#### SUPPLIED RECORDS

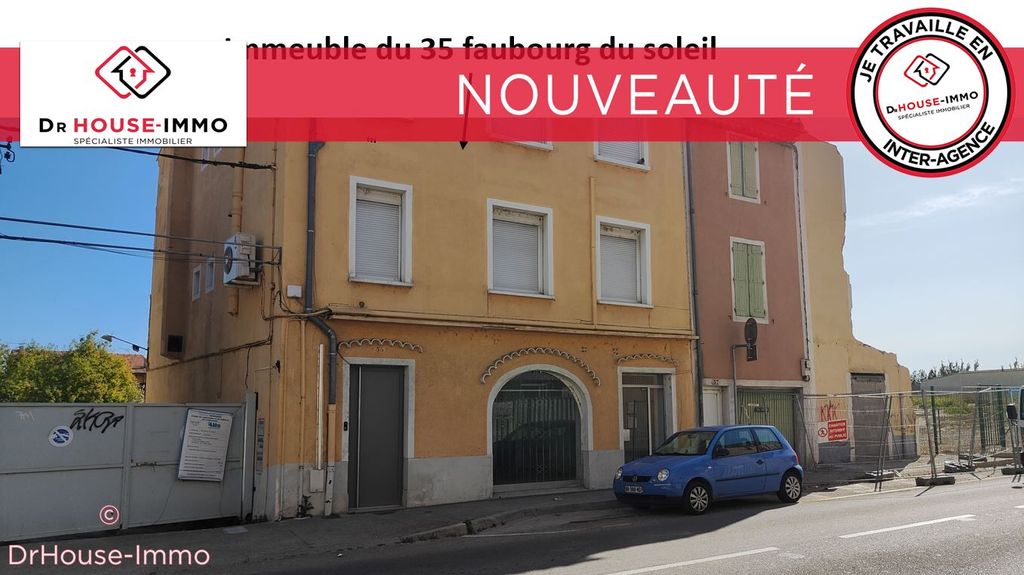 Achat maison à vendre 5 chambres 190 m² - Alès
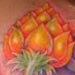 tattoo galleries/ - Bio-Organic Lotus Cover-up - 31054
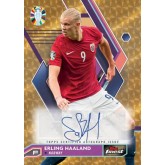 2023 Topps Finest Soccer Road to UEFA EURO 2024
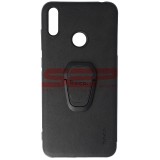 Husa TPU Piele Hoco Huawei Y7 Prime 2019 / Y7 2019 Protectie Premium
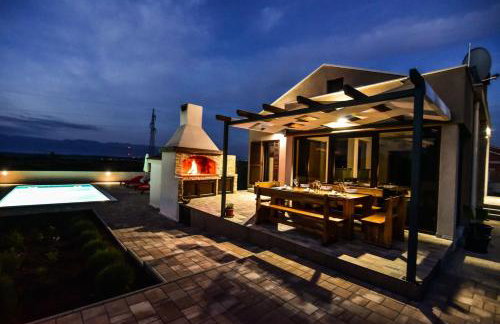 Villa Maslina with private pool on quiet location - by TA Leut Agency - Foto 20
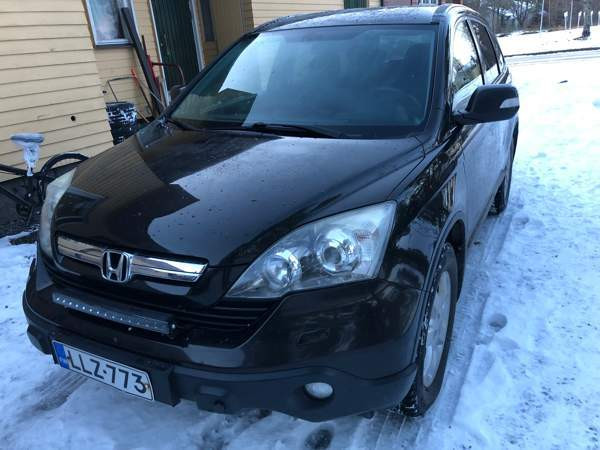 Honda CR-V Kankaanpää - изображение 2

########
#### SUPPLIED RECORDS

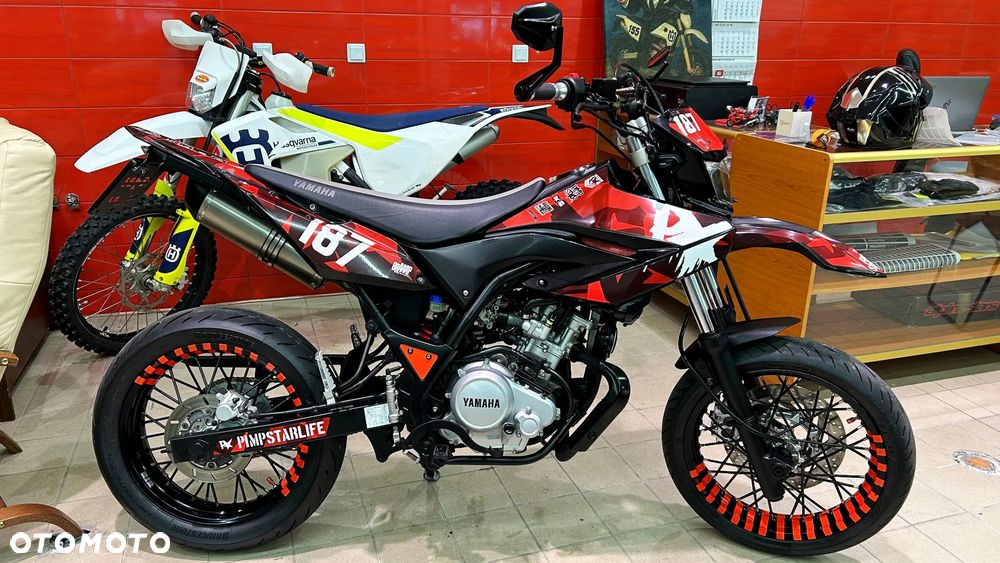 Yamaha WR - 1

########

DIRECTIONS:
Using the records above, print exactly the lines between the ones containing "tattoo galleries/ - Bio-Organic" and "Honda CR-V Kankaanpää - изображение 2", inclusive, and nothing else; no pictures.

FINISHED TASK:
 tattoo galleries/ - Bio-Organic Lotus Cover-up - 31054
 2023 Topps Finest Soccer Road to UEFA EURO 2024
 Husa TPU Piele Hoco Huawei Y7 Prime 2019 / Y7 2019 Protectie Premium
 Villa Maslina with private pool on quiet location - by TA Leut Agency - Foto 20
 Honda CR-V Kankaanpää - изображение 2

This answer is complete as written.